Le Parisien relève que selon les calculs de la commission d’enquête sénatoriale, le montant que l’État verse chaque année aux plus grands groupes, s’élèverait à 211 milliards d’euros sans qu’aucune condition ne soit réellement exigée en retour. La commission pointe des répartitions chaotiques allant de l’aide aux plans sociaux jusqu’aux versements de dividendes aux actionnaires.
« Vide abyssal de données fiables »
« Ce qui frappe en premier, c’est le vide abyssal de données fiables. Lorsque nous avons commencé nos auditions des ministres, des hauts fonctionnaires ou de la Direction générale des Finances publiques, il est vite apparu qu’aucune administration n’était capable de dire précisément combien d’argent public était versé aux entreprises », indique rapporteur de la commission d’enquête parlementaire sénateur communiste Fabien Gay dans Le Nouvel Obs. Ce gros rapport de 470 pages est cosigné par Olivier Rietmann (Les Républicains, Haute-Saône), président de la commission.211 milliards d’euros en 2023, c’est « un chiffre indiscutable », a assuré Olivier Rietmann.
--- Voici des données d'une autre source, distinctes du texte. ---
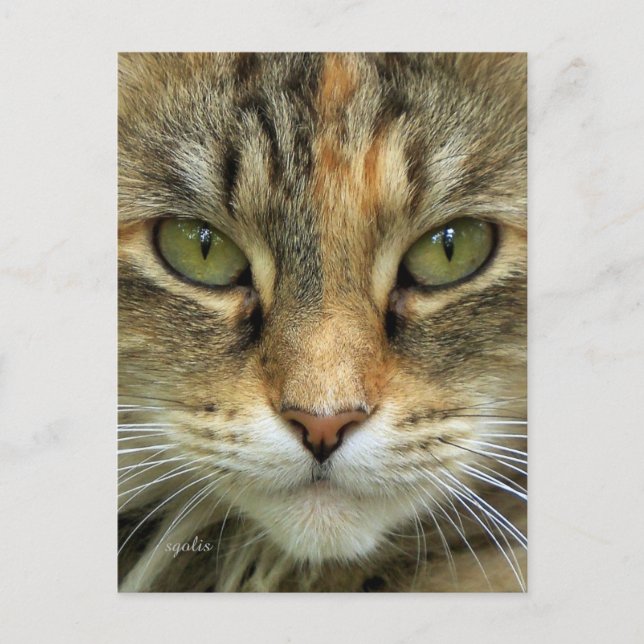 Carte postale du portrait de chat tigré (Devant)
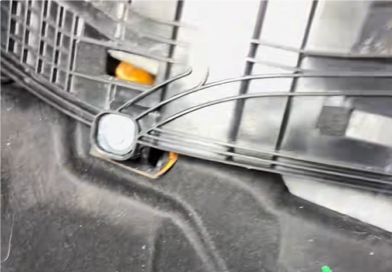 两只螃蟹在奥迪Q7中控台“藏”了两年车主忍无可忍选择拆车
La définition retenue est « entendue au sens large, additionnant aides directes (subventions ou avances remboursables), allègements fiscaux, allègements de cotisations sociales, et en excluant les aides des collectivités territoriales et les aides européennes en gestion indirecte », précise Le Monde.
Alors qu’une « année blanche pour le budget 2026 est une piste étudiée par le gouvernement et que « la France va vivre sa première cure d’austérité » depuis les années 1980, prédisait lundi le patron de Bpifrance, la publication des conclusions du rapport sénatorial ne va pas manquer de susciter le débat.
La commission d’enquête appelle à un « choc de responsabilisation ». Parmi les pistes évoquées, la commission d’enquête propose dorénavant « d’imposer le remboursement total » des aides publiques si l’entreprise délocalise dans les deux ans le site ou l’activité ayant justifié l’aide. Le rapport épingle certaines entreprises comme Michelin : il a perçu 72,8 millions d’euros d’exonérations et crédit d’impôt en 2023-2024, mais annoncé un plan social de 1 254 salariés et, selon les calculs du rapporteur, versé 1,4 milliard d’euros de dividendes en 2024, relève la commission. Ce genre de situation « choque l’opinion », estiment les sénateurs.
Le rapport reconnaît que les aides « doivent s’apprécier dans un contexte global » de très forte concurrence, notamment avec la Chine et les États-Unis, justifiant de soutenir les entreprises. Il délivre « un satisfecit global sur le contrôle des aides » comme le crédit d’impôt-recherche (CIR) ou le crédit d’impôt pour la compétitivité et l’emploi (CICE), mais juge « défaillants » le suivi et l’évaluation des dépenses fiscales sous la forme de réductions d’impôts, comme le Pacte Dutreil, qui permet aux enfants reprenant l’entreprise familiale d’obtenir un abattement de 75 % sur la valeur de celle-ci.